His rise from field reporter to anchor and editor-in-chief of The CBS Evening News owed a lot to his enemies. Rabid Conservative groups circulated petitions and pressured advertisers to get him removed from his post as White House Correspondent. CBS had a normal "tour-of-duty" schedule and Rather was due to be rotated to another assignment...but they kept him on the White House beat longer than planned, just because they didn't want to be perceived as giving in to that campaign. Later, when Walter Cronkite announced his retirement, the choice came down to Mudd or Rather, and rumor has it that CBS felt Mudd was better suited to the job. But again, Rather's critics were crusading against him and again, CBS didn't want them to be able to claim they influenced the decision. Reportedly, the network toyed with splitting the job between Mudd and Rather, but Mudd balked at sharing so they gave the whole thing to Rather. If Rather's detractors had only shut up, he probably wouldn't have landed the (then) most prestigious post in the news business, and CBS wouldn't have kept him in it to this day.

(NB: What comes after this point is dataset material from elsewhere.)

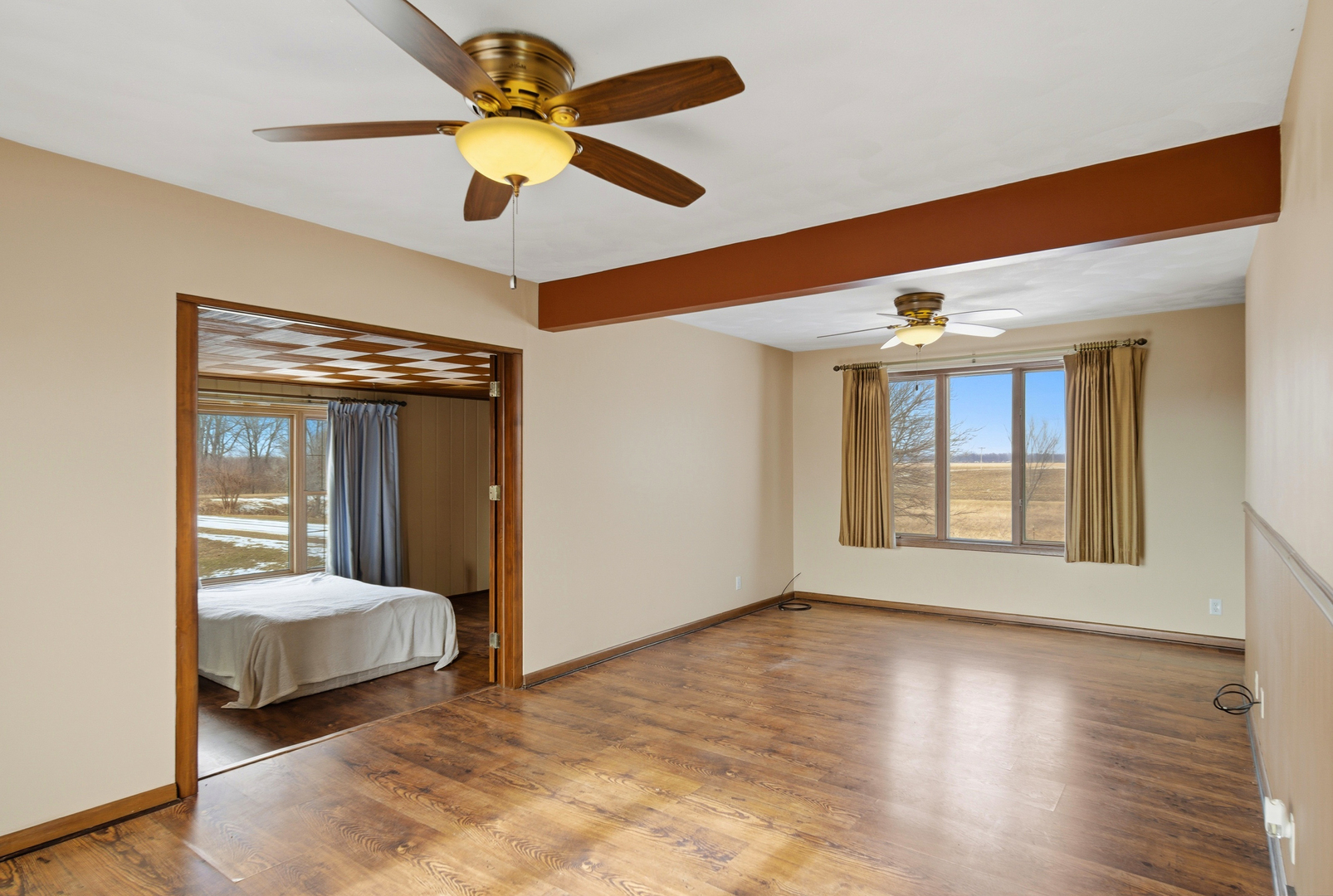 18521 Anderson Road Prophetstown, IL 61277 - Photo 25 of 39 a bedroom with a bed and a large window with wooden floor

The last decade or so, he's gotten...weird. It isn't just the odd, folksy bromides or the mounting seriousness or even the crying on Letterman. It's just that he's become this robotic presence who makes every story sound the same, and who seems way too detached from the human side of whatever he reports. In all likelihood, he was due for retirement soon, just because of the way CBS News has atrophied the last half-dozen years. Alas, now that Conservatives are again calling for his head, he'll probably stay around longer just to deny them their victory. They'll have to take comfort in the fact that as long as he's there, CBS news coverage will become more and more irrelevant.